Remember when the state’s leaders fixed the “structural deficit” during the 2007 special session? Well, that deficit is baaa-aaack, and it’s bigger than ever.
The original structural deficit dates back to income tax cuts in 1997 and 1998 and the 2002 Thornton education spending bill. The big increases in school spending under the Thornton bill helped make Maryland’s schools the best in the nation, but they combined with the tax cuts to produce a projected $1.7 billion deficit by 2007. Governor O’Malley was determined to abolish the deficit early in his term and worked hard to pass a tax package and a constitutional amendment allowing slots to close it.
But the poor economy has robbed the ability of the special session tax rate increases to generate new revenue. The state’s new Spending Affordability Briefing shows general fund revenue falling from $13.5 billion in FY 2008 to an estimated $12.3 billion in FY 2010. The biggest culprit: the personal income tax, which raised $6.9 billion in FY 2008 and is now projected to yield $6.1 billion in FY 2010. And the state’s formula-driven spending keeps rising.

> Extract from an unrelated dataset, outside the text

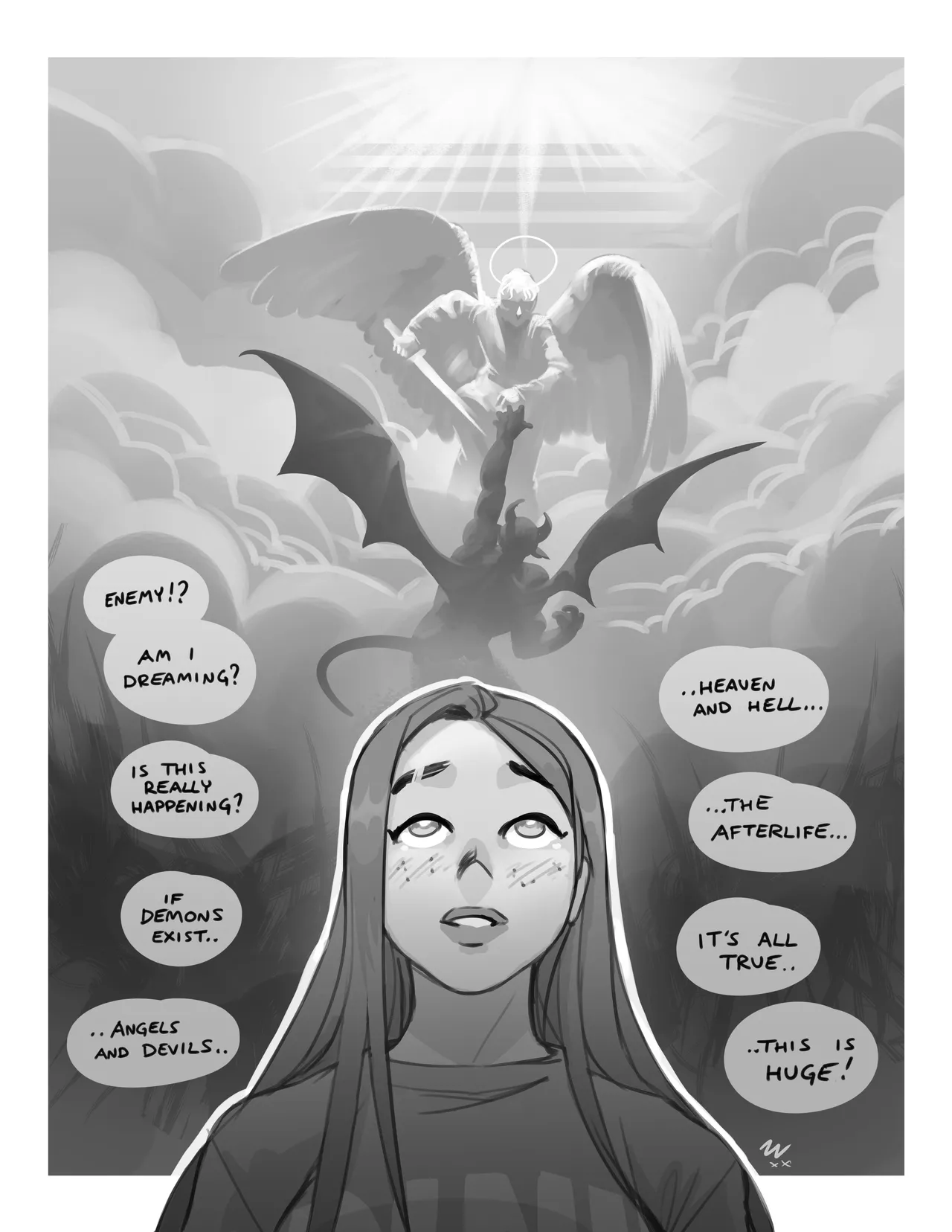 Xi &amp; Her: ch.1. From Hell She Came page 8 full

How bad will it get? In FY 2009 and FY 2010, the state received federal stimulus funds and executed a series of fund transfers that together brought in more than $1.7 billion over those two fiscal years. That money will largely run out starting in FY 2011, leaving the state with $12.9 billion in revenues and $14.9 billion in spending that year. Both revenues and spending are projected to grow at a 4.7-4.8% rate thereafter, but because revenues are not projected to catch up, the resulting deficits will total $2.0-2.5 billion every single year. And that includes over $600 million of annual slots revenues from FY 2013 thereafter.
The general fund is devilishly hard to cut because it is comprised primarily of three items: education (which accounts for 51% of spending in FY 2010), health care (21%) and public safety (9%). That’s four out of every five state dollars going to priorities that are extremely important to the public.
But the state is running out of options other than a fundamental restructuring of spending. Various groups are now pushing for combined reporting, sending teacher pensions down to the counties or extending the millionaire tax. The truth is that even if all were done together, they would come nowhere close to resolving a $2 billion deficit. The state’s current dink-and-dunk strategy is working about as well for the budget as it is for the Redskins’ offense.
At some point, the state’s leaders will have to divide spending line items into two groups: “absolutely-must-do” and “would-be-nice-to-do.” The latter group will have to comprise at least 10-15% of the former group, which is the approximate size of the future deficits relative to general fund spending. The “would-be-nice-to-do” group will have to be postponed until times are better. And then any remaining gap would be fair game for a tax hike.